FONDAZIONE CASSAMARCA, BILANCIO SEMPRE PIÙ IN ROSSO

Consuntivo 2018 con perdite per 78 milioni di euro


TREVISO - Fondazione Cassamarca chiude il bilancio 2018 con perdite per poco meno di 78 milioni di euro. Un nuovo rosso record, dopo i 53,3 milioni di passivo registrati nel 2017.

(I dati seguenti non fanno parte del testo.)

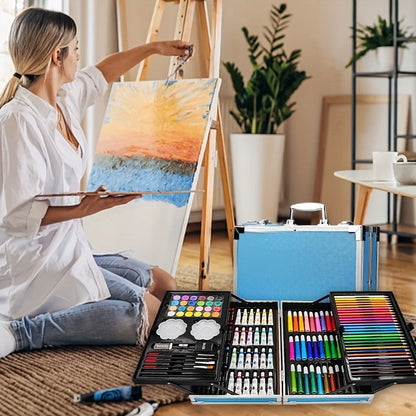 145 piece art set lifestyle shot woman painting at easel with aluminum drawing and painting kit – Blue, Pink, Astronaut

Il Consiglio di attuazione e amministrazione ha approvato la proposta di consuntivo, mettendo nero su bianco, per la precisione, un disavanzo pari a 77.996.289 euro. Il rendiconto dovrà ora essere definitivamente votato dal Consiglio di indirizzo e di programmazione convocato per il 30 aprile prossimo.
Un risultato negativo, comunque, atteso anche se forse non in queste proporzioni: influiscono, in particolare, le svalutazioni della partecipazione azionaria in Unicredit e del patrimonio immobiliare. Un'opera di "pulizia" iniziata già con il precedente esercizio e su cui il nuovo presidente Luigi Garofalo, insediatosi lo scorso dicembre al termine della venticinquennale era De Poli, ha ribadito di voler rafforzare per fare in modo che i valori iscritti a bilancio siano il più possibile realistici e aderenti alle valutazioni di mercato.
Ma il buco, dicono da Ca' Spineda, è anche l'effetto di alcune operazioni straordinarie: "Non tutte le perdite registrate corrispondono a flussi in uscita di denaro - spiega una nota diffusa da Fondazione -. Pesano, infatti, scelte strategiche che comportano perdite solo virtuali".
Tra queste, ad esempio, la decisione di sciogliere la Convenzione con il Comune di Treviso per la gestione del Teatro comunale Mario Del Monaco: la rescissione ha obbligato a imputare in bilancio la somma di circa 16,4 milioni di euro per l'esercizio 2018, ovvero l'importo dell’ammortamento residuo.
Ancora, proprio su impulso del neo presidente Garofalo, l'istituzione di piazza San Leonardo sta accellerando la restituzione del debito in essere con Unicredit, attualmente intorno ai 28,4 milioni di euro: per questo motivo è stata destrutturata una cospicua polizza finanziaria. Ciò ha comportato svalutazione da ascrivere al 2018, pari a circa 16 milioni di euro. Al tempo stesso, però, verranno risparmiati 300mila euro di interessi da pagare ogni anno.
"Quindi - concludono da Fondazione Cassamarca -, si tratta di un bilancio di segno altamente negativo se guardato per i numeri, ma suscettibile di valutazione positiva in quanto spiana la strada al risanamento effettivo delle casse di Fondazione, permettendo alla stessa di tornare a essere, nel futuro, l’ente promotore di cultura, arte e tanto altro che è stata nel passato".